Although the merits of this ambitious merger were always clear, many will not be aware of the technical nuances involved with a deal of this magnitude, such as stock exchange etiquette and share price protection. It seems rather sloppy to me that BAE chairman Dick Olver and chief executive Ian King did not clear the decks with the Pentagon before making the merger announcement to the market, since BAE does 40 per cent of its business with the US. Surely hell had a better chance of freezing over than this merger going through on these terms: EADS would have owned 60 per cent of the new company, while Germany and France were insisting on keeping their 9 per cent stakes – stakes that BAE should have insisted were offered to the public. This debacle is not only embarrassing for BAE, but has also made them vulnerable.

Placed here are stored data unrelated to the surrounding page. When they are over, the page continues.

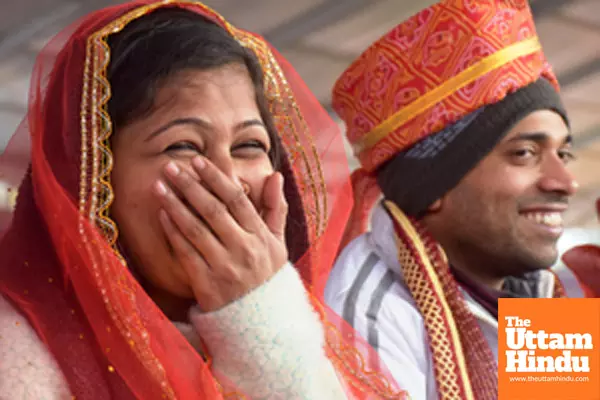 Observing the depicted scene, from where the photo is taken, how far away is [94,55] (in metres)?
1.06

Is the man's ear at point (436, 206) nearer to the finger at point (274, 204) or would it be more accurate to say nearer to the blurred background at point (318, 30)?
the finger at point (274, 204)

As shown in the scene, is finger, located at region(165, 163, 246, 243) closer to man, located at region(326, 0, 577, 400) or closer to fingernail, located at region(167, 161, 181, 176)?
fingernail, located at region(167, 161, 181, 176)

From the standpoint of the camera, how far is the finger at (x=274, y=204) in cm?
106

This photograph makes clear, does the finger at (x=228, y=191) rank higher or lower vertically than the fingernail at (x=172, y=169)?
lower

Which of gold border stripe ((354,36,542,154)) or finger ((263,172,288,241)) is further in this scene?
gold border stripe ((354,36,542,154))

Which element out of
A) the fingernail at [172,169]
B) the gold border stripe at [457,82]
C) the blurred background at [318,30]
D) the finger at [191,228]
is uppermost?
the blurred background at [318,30]

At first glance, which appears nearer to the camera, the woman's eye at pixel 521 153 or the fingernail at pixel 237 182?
the fingernail at pixel 237 182

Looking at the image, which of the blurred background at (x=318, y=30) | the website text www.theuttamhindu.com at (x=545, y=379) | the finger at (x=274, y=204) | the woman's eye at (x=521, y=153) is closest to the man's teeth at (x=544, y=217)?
the woman's eye at (x=521, y=153)

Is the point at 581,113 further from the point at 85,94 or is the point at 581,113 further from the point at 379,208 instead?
the point at 85,94

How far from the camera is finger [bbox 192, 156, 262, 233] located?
38.8 inches

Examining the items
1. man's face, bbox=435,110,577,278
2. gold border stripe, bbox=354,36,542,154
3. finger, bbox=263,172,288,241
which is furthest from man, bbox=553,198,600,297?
finger, bbox=263,172,288,241

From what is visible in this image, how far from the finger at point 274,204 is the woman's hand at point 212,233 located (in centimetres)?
6

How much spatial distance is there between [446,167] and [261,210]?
1043mm

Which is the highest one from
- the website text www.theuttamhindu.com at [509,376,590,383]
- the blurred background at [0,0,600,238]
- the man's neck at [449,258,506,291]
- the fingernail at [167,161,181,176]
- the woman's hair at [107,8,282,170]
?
the blurred background at [0,0,600,238] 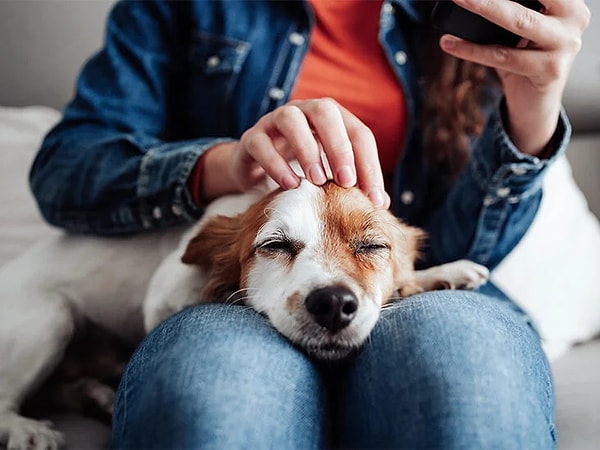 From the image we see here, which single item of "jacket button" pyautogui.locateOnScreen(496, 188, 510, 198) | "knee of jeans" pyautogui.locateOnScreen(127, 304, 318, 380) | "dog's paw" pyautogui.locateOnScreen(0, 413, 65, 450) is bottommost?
"dog's paw" pyautogui.locateOnScreen(0, 413, 65, 450)

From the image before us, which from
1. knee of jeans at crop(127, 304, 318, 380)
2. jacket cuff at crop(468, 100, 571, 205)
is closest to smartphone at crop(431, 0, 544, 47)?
Result: jacket cuff at crop(468, 100, 571, 205)

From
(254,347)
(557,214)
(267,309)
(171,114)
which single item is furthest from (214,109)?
(557,214)

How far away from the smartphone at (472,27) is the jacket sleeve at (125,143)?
43 centimetres

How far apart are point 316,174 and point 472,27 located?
1.10ft

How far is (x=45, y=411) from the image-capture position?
125cm

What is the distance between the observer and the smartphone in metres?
1.04

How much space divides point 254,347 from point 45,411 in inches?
23.7

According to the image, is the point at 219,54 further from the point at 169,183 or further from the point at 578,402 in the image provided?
the point at 578,402

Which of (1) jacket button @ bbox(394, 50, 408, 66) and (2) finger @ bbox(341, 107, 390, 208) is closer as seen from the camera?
(2) finger @ bbox(341, 107, 390, 208)

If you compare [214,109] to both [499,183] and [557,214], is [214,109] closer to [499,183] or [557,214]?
[499,183]

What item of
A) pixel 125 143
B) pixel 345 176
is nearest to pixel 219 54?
pixel 125 143

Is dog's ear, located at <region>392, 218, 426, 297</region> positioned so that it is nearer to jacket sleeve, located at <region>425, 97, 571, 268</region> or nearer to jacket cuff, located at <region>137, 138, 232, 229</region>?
jacket sleeve, located at <region>425, 97, 571, 268</region>

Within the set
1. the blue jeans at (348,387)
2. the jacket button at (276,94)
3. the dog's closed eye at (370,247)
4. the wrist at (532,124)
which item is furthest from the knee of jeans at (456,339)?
the jacket button at (276,94)

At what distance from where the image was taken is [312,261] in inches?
38.4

David Buik is spokesperson for Cantor Index.
Michael van Dulken
The merger’s failure cannot be solely attributed to BAE’s leadership. Mergers in the aerospace and defence sector are complicated: a deal of this size was always going to be problematic with the regulatory, political, national security and trades union issues that would need reconciling. As a result, consolidation in the industry can be notoriously slow, and some may still consider us to be in the early stages of a deal. Complicated shareholding structures involving governments made it obvious that it was always going to be a bumpy road towards a merger, with the national security interests of Germany, France, UK and US all at stake. While the idea of a combined BAE/EADS makes theoretical sense, in terms of competitiveness with peers in the US, it was always going to be a difficult sell. If anything, it may be a good thing that negotiations did not drag on.
Michael van Dulken is head of research at Accendo Markets.